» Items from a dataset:
==========
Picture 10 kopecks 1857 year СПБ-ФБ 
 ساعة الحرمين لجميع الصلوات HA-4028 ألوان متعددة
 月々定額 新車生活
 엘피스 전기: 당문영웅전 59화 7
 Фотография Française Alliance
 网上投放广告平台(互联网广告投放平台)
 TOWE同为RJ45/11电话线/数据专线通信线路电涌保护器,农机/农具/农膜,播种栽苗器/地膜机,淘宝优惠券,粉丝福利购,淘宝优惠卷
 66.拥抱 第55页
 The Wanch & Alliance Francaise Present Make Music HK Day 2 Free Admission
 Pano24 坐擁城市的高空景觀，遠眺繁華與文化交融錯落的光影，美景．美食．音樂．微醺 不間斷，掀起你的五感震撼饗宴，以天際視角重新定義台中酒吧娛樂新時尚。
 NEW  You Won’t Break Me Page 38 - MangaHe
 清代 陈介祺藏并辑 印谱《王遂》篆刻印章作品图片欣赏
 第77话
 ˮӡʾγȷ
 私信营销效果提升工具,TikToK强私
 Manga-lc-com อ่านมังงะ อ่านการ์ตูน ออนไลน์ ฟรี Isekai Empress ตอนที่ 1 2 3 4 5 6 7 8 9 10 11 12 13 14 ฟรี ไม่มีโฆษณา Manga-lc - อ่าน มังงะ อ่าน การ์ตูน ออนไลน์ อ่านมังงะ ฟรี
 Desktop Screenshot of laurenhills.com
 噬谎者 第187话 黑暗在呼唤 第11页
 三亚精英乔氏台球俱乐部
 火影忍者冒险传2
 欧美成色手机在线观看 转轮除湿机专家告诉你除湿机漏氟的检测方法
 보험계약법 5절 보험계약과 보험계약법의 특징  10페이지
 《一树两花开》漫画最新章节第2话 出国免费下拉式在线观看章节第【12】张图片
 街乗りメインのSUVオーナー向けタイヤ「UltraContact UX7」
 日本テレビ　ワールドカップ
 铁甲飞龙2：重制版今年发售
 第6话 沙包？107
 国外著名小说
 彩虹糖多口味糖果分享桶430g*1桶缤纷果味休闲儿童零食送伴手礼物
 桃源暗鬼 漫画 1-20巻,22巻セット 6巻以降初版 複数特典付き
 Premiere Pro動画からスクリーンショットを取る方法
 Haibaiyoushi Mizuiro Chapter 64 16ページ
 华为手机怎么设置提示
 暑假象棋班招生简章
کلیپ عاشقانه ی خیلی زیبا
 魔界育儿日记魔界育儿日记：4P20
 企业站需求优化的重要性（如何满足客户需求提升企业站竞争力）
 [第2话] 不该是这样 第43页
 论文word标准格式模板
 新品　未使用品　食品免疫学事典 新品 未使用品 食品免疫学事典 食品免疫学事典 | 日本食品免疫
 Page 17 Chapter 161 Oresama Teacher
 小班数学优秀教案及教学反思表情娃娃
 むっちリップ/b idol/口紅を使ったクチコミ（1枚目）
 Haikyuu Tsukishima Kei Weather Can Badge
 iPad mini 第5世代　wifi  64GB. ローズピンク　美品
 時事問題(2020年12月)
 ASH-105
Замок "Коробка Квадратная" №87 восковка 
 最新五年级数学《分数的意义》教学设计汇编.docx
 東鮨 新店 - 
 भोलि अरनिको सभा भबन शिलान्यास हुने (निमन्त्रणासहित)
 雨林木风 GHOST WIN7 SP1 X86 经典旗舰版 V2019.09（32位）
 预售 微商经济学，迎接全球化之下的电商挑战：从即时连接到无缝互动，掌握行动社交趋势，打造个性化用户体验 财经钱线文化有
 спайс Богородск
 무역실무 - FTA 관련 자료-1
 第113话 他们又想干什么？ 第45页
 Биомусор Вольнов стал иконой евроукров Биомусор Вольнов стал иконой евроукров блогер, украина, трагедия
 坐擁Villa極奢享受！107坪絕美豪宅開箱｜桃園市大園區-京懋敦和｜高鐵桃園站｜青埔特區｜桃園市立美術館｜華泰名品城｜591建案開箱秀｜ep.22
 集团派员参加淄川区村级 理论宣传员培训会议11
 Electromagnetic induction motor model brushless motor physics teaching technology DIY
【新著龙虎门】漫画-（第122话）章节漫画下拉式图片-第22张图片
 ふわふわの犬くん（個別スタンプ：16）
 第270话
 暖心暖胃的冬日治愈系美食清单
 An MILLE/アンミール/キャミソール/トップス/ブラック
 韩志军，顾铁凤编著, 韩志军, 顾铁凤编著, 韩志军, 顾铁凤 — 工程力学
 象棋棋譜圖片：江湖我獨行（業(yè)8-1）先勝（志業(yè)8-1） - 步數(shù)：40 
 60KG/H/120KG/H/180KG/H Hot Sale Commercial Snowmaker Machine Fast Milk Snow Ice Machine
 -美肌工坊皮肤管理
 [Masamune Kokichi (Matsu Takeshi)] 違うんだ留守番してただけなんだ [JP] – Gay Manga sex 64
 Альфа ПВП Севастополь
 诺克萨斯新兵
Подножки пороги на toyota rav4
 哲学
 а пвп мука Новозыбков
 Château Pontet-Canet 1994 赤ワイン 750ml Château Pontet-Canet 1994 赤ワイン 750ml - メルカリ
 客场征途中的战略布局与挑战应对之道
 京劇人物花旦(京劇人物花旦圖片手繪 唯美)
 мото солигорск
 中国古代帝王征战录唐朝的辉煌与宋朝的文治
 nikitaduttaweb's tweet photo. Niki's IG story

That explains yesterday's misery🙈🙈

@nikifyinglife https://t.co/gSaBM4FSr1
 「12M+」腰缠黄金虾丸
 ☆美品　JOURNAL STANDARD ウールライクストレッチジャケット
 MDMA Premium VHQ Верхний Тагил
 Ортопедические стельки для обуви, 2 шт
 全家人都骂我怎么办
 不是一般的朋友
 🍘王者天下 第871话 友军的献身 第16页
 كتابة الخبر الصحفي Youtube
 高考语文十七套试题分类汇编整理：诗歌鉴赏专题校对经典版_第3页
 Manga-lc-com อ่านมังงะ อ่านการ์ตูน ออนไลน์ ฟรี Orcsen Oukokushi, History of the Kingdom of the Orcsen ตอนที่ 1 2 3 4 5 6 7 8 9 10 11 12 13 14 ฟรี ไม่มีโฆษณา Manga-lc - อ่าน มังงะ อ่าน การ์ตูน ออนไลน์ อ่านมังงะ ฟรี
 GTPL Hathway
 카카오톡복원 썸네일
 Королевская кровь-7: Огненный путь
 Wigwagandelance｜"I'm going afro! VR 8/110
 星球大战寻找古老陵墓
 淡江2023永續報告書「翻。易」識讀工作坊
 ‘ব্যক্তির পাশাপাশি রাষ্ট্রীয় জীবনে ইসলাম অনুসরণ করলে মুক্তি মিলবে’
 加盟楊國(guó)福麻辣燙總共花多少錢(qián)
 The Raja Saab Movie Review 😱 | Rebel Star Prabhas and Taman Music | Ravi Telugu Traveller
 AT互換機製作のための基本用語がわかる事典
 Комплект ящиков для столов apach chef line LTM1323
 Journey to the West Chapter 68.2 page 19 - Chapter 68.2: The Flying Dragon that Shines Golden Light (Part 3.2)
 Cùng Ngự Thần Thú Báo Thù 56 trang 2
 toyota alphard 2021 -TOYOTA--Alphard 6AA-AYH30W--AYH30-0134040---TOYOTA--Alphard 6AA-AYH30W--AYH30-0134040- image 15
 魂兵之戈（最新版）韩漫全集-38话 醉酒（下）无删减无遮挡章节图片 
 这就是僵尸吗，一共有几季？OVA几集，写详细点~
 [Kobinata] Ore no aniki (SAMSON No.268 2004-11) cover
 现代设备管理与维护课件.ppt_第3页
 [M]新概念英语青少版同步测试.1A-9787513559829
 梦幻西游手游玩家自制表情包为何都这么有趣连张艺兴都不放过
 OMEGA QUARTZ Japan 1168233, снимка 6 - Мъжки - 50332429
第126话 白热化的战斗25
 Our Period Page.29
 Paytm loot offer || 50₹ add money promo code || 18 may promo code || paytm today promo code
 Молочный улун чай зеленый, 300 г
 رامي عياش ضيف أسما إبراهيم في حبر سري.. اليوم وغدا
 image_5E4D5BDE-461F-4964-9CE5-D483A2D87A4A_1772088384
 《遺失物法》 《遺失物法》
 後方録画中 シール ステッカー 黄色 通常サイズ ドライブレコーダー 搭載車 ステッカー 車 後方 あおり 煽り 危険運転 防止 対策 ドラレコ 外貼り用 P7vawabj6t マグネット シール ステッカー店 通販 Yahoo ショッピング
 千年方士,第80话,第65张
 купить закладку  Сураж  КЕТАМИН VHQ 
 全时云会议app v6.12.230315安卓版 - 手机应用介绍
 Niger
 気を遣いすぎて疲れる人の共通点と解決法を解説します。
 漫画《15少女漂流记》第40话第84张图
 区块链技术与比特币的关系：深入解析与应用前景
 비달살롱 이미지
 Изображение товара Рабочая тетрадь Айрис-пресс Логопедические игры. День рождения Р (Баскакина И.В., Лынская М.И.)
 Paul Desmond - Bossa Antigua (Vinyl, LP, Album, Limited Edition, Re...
==========
Repeat exactly the lines from the first line of the records above through the line containing "私信营销效果提升工具,TikToK强私", both included, and nothing else.

Picture 10 kopecks 1857 year СПБ-ФБ 
 ساعة الحرمين لجميع الصلوات HA-4028 ألوان متعددة
 月々定額 新車生活
 엘피스 전기: 당문영웅전 59화 7
 Фотография Française Alliance
 网上投放广告平台(互联网广告投放平台)
 TOWE同为RJ45/11电话线/数据专线通信线路电涌保护器,农机/农具/农膜,播种栽苗器/地膜机,淘宝优惠券,粉丝福利购,淘宝优惠卷
 66.拥抱 第55页
 The Wanch & Alliance Francaise Present Make Music HK Day 2 Free Admission
 Pano24 坐擁城市的高空景觀，遠眺繁華與文化交融錯落的光影，美景．美食．音樂．微醺 不間斷，掀起你的五感震撼饗宴，以天際視角重新定義台中酒吧娛樂新時尚。
 NEW  You Won’t Break Me Page 38 - MangaHe
 清代 陈介祺藏并辑 印谱《王遂》篆刻印章作品图片欣赏
 第77话
 ˮӡʾγȷ
 私信营销效果提升工具,TikToK强私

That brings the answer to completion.